• Problem to work on: Take the lines below between the one holding "İş konsepti - Çalışma" and the one holding "5841 Park Street, Blackfalds, AB, T4M0G1", inclusive, and copy them exactly. Add nothing.

• Records for the exercise:
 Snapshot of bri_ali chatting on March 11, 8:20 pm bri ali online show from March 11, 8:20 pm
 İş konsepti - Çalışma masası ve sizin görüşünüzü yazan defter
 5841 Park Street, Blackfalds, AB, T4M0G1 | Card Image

--

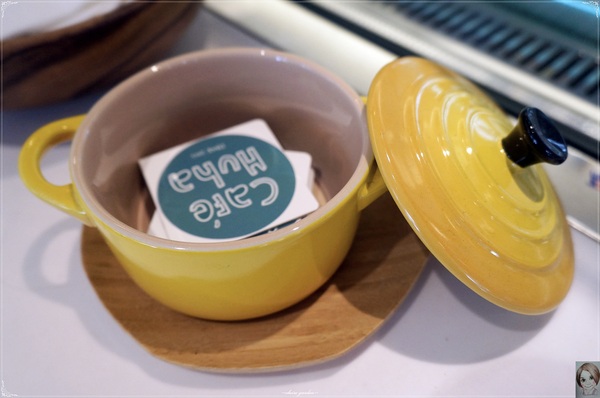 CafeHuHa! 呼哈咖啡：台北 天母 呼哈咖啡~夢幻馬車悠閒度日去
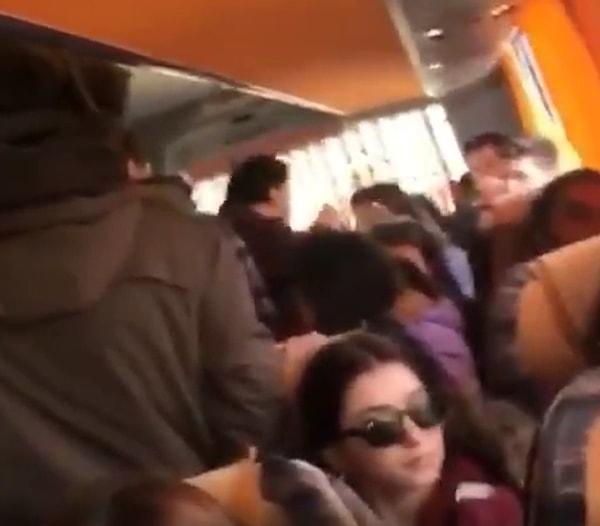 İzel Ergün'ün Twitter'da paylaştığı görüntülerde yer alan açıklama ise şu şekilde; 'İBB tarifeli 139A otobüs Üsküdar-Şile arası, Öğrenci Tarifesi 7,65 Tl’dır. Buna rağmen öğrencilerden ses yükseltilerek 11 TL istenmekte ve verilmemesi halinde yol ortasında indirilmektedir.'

• Answer below:
 İş konsepti - Çalışma masası ve sizin görüşünüzü yazan defter
 5841 Park Street, Blackfalds, AB, T4M0G1 | Card Image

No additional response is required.